Artikel der Ausgabe 2/2019:

Thema: Würde

Editorial

Thilo Hinterberger, Birgit Ertl

Würde hilft uns, den Wert unseres Menschseins zu fassen, zu achten und zu schützen. Gleichzeitig ist mit dem Würdeempfinden eine Bewusstseinsqualität verbunden, die uns in unserem Sein bestätigt und zu einem liebevollen Umgang miteinander befähigt.
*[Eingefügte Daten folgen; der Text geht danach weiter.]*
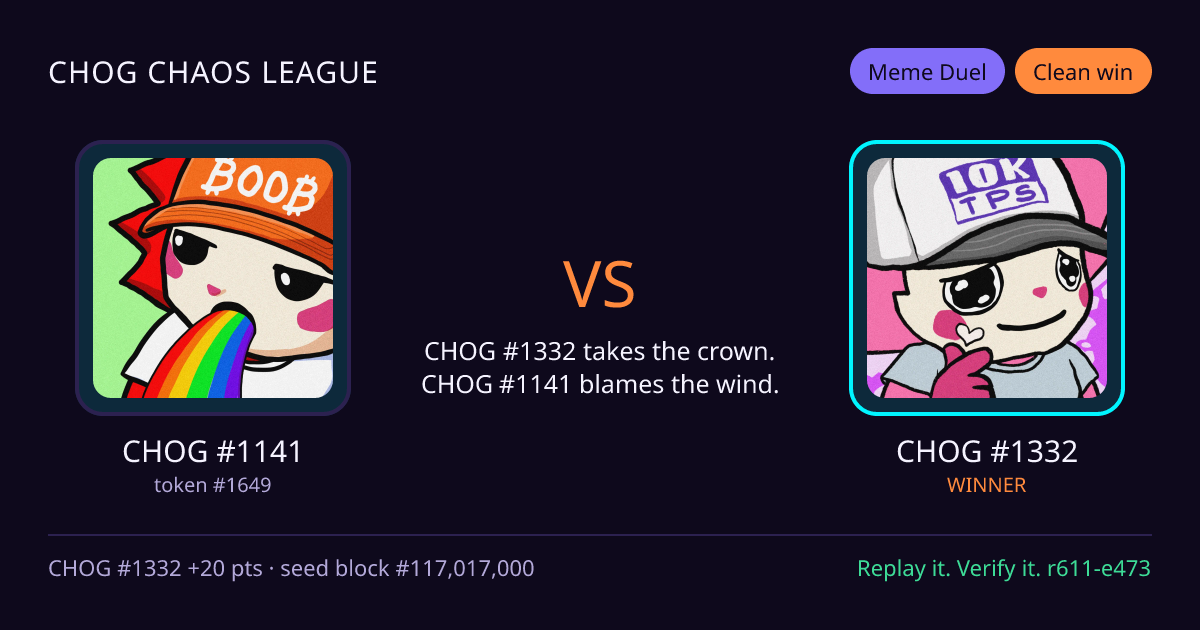 Highlight card: CHOG #1141 versus CHOG #1332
Und dennoch leben wir in einer Zeit, die den Würdebegriff kaum mehr richtig kennt und häufig erst dann verwendet, wenn wir uns moralisch gefährdet sehen. Dass Würde jedoch ein Thema ist, das in einer komplexen Welt auf umso vielfältigere Weise relevant ist, wurde im Symposium der Angewandten Bewusstseinswissenschaften zum Thema „Würde und Bewusstsein – Chance für Gesellschaft und Natur“ im Oktober 2019 am Universitätsklinikum Regensburg behandelt. Aus diesem Anlass haben wir den Schwerpunkt dieses Heftes auf das Thema Würde gelegt, so dass die Inhalte einiger Vorträge und Workshops des Symposiums als Beiträge in diesem Heft nachzulesen sind.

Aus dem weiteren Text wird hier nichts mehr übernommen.